New Perfume Review Providence Perfume Co. Vientiane- The Magic of Tincture

At the beginning of the month in the Under the Radar column I wrote about Providence Perfume Co. Moss Gown. In the last paragraph I mentioned that I found I had missed a new release earlier this year. By the next morning I was contacted and told a sample had been sent but returned to sender. It was quickly dispatched back to me. What greeted me in Providence Perfume Co. Vientiane is another example of why independent perfumer Charna Ethier is among our best.

I visited Ms. Ethier a couple years ago in her home base of Providence, RI. Through her early releases there was a delicacy of certain notes I had noticed. In the ingredient roster there were always lists of tinctures. I knew what they were, but Ms. Ethier schooled me that day on them. For those who would like to learn more than I am about to write I point you to a blog post by Ms. Ethier from 2012 where she goes into greater depth. In short, a tincture is the use of dried fragrant botanical material soaked in perfumer’s alcohol. The material is continually filtered out and replaced every few days. Once it has reached a desired scent profile it can be used.

Charna Ethier

You can see how this is the ideal ingredient for an independent perfumer. It provides a uniqueness that only comes from a particular creative. For Ms. Ethier these tinctures have provided some of the most fascinating undercurrents to her perfumes. In Vientiane she uses a jasmine rice tincture as the river upon which she floats three different sources of sandalwood.

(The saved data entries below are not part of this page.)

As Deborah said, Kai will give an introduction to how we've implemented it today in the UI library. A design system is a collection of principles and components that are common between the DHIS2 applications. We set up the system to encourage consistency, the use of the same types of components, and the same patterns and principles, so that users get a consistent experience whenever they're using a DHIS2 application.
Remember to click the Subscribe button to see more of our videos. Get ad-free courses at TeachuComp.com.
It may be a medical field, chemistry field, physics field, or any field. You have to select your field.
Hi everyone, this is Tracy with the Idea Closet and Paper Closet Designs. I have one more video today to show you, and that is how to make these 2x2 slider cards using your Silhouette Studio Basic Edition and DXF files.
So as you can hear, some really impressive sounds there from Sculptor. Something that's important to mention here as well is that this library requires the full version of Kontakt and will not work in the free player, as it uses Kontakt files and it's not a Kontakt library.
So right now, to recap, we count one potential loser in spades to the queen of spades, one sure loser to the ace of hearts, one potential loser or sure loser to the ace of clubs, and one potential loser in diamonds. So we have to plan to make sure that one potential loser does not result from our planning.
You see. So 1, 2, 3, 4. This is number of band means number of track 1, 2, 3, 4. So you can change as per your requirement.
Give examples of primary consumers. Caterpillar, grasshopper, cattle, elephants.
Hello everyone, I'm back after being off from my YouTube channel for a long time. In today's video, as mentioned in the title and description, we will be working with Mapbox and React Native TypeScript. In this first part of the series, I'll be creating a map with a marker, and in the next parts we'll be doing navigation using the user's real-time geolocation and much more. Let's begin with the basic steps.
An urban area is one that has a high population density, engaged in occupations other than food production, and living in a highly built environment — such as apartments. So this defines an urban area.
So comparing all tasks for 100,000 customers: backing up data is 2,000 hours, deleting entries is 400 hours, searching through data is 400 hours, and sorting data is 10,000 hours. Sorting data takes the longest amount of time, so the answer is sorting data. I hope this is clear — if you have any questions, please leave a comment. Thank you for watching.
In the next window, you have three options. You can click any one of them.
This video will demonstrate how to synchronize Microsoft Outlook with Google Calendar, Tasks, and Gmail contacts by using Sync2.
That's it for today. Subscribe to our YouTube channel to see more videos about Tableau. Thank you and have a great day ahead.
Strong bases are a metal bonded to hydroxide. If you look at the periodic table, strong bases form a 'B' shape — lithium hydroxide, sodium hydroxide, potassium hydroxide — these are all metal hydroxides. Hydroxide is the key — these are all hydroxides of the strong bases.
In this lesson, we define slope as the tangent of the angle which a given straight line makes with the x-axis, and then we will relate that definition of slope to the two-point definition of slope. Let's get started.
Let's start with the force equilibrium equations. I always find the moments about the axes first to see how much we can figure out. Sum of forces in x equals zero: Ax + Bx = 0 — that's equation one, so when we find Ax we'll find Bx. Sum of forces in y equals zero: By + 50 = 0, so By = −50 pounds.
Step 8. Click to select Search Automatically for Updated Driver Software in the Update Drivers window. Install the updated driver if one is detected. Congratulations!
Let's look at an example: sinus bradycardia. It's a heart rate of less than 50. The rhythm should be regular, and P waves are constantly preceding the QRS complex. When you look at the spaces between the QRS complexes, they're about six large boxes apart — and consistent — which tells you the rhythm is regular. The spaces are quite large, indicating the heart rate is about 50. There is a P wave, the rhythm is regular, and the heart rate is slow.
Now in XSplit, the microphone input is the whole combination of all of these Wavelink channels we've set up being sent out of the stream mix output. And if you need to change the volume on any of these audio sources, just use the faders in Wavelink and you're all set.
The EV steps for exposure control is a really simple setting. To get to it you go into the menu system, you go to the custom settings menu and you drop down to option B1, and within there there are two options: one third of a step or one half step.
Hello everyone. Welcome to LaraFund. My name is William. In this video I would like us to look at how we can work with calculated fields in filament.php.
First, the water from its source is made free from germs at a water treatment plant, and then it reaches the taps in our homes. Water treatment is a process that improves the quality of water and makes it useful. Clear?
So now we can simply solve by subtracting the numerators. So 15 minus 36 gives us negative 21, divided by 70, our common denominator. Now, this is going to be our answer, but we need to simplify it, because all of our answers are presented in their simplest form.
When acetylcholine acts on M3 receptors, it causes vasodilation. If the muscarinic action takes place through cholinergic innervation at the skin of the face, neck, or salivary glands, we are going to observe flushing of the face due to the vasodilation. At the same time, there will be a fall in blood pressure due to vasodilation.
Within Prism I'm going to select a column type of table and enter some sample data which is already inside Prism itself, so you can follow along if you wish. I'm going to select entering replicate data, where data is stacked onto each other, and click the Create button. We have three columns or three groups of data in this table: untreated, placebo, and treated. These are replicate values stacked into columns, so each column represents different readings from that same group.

The name Vientiane comes from the capital city of Laos. The jasmine rice tincture adds a steamy humidity to the sandalwood core reminiscent of sitting on the side of the Mekong in the city itself.

Vientiane opens with an Indiana Jones-like scent of using a machete to cut through vines. It is vegetal and very green. It catches your attention and then as you hack it away you are left looking at a structure of sandalwood as if uncovered for the first time. By the coloration you see there are three types of sandalwood. A typical creamy version, a drier desiccated version, and a lighter version used as modulator. Underneath all of this is the jasmine rice tincture. Ms. Ethier sent me a little vial of it along with my sample of the perfume. Once I had the chance to smell its steamy toasty fragrance I was able to detect it sending its tendrils up through the sandalwood. This is where Vientiane remains with a surprisingly complex sandalwood on display for hours.

Vientiane has 8-10 hour longevity and moderate sillage.

If you are a colognoisseur of sandalwood perfumes Vientiane should be part of your collection. It is an entirely unique take transformed by the magic of the jasmine rice tincture into something very special.

Disclosure: This review was based on a sample provided by Providence Perfume Co.